July 9, 2021Living Curiously - An Alumni Update with Justin Charney

Hi Aberdeen Hall, this is Justin; I want to start by thanking you for taking a moment to hear an anecdote about my life since graduation and some lessons picked up along the way. The ones I will share have been instrumental in guiding my journey. My hope is they might do the same for you.

Your challenge is to focus on one concept mentioned (or one that this article reminds you of) for the next week and write down what you discover about yourself. For bonus points, determine a new action or habit to support the area(s) of discovery and start it today.

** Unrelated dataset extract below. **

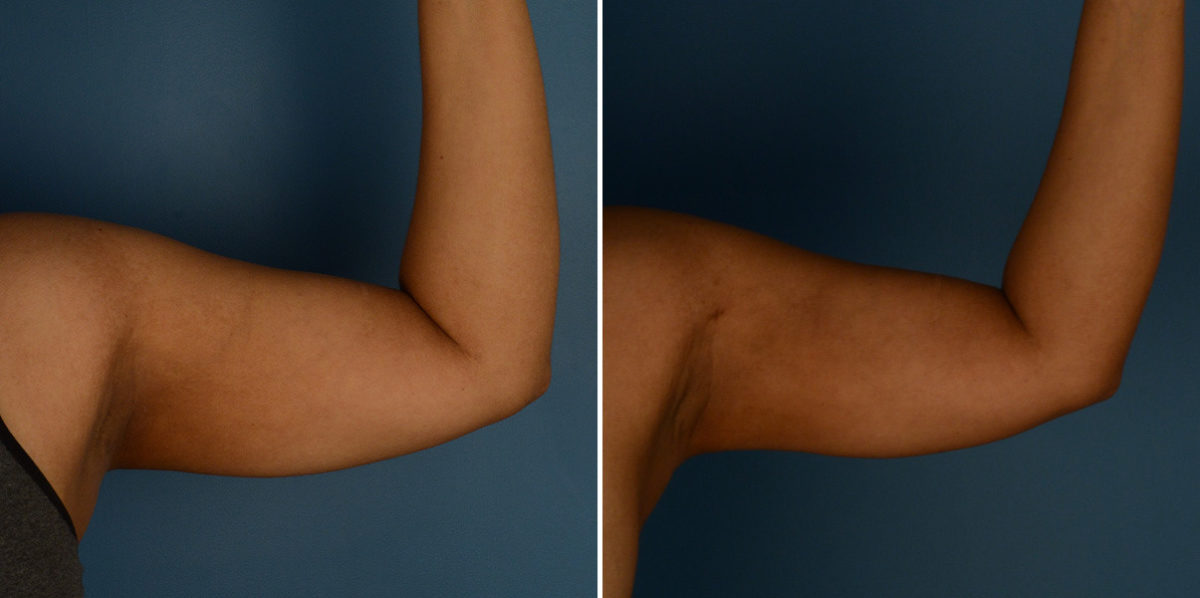VASER® Liposuction Before and After Photos in Naples, FL, Patient 23241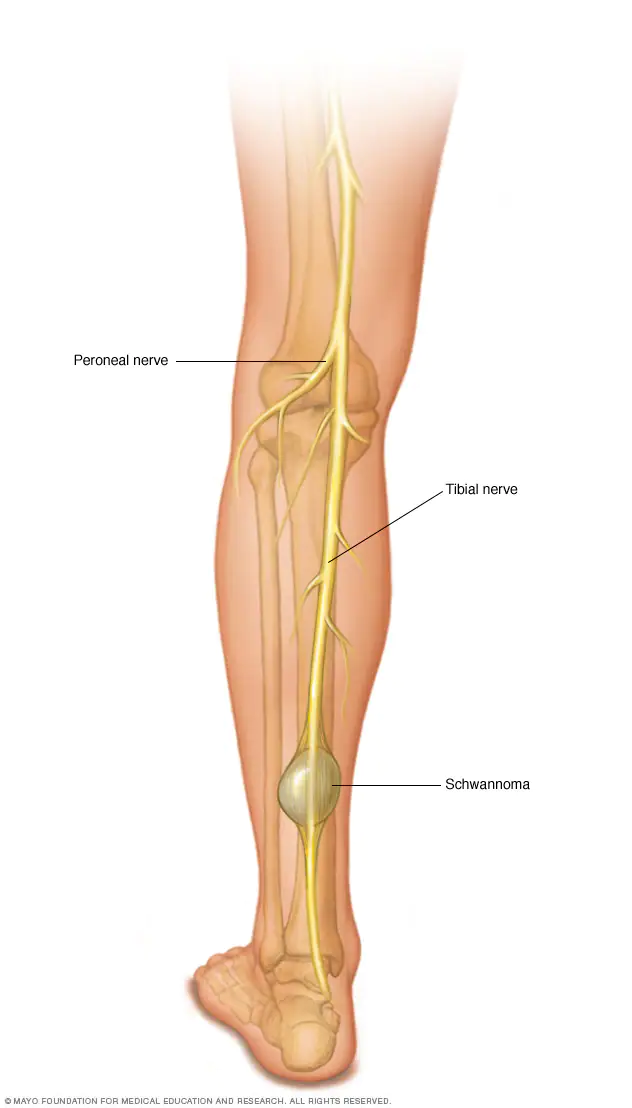 schwannoma-in-the-leg-8col.webp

My first lesson is about finding your ladder. The world is filled with ladders; your friends, parents, teachers, and even people you meet in passing have them, but they are not kept in the garage. These ladders are the metaphorical road maps of our lives that are supported by a foundation made of meaning and purpose. The problem is, without knowing our intrinsic motivation, we find ourselves climbing others ladders only to realize halfway up that the foundation cannot support our needs and desires. Worse yet, we might be stuck on the ladder out of loss aversion or other fears, but what if we could recognize this or avoid it altogether? By assessing our strengths, pursuing what inspires us, and reframing our goals by first considering why we have them, maybe our work can be more fulfilling because the ladder we choose to climb rests on a foundation that empowers us.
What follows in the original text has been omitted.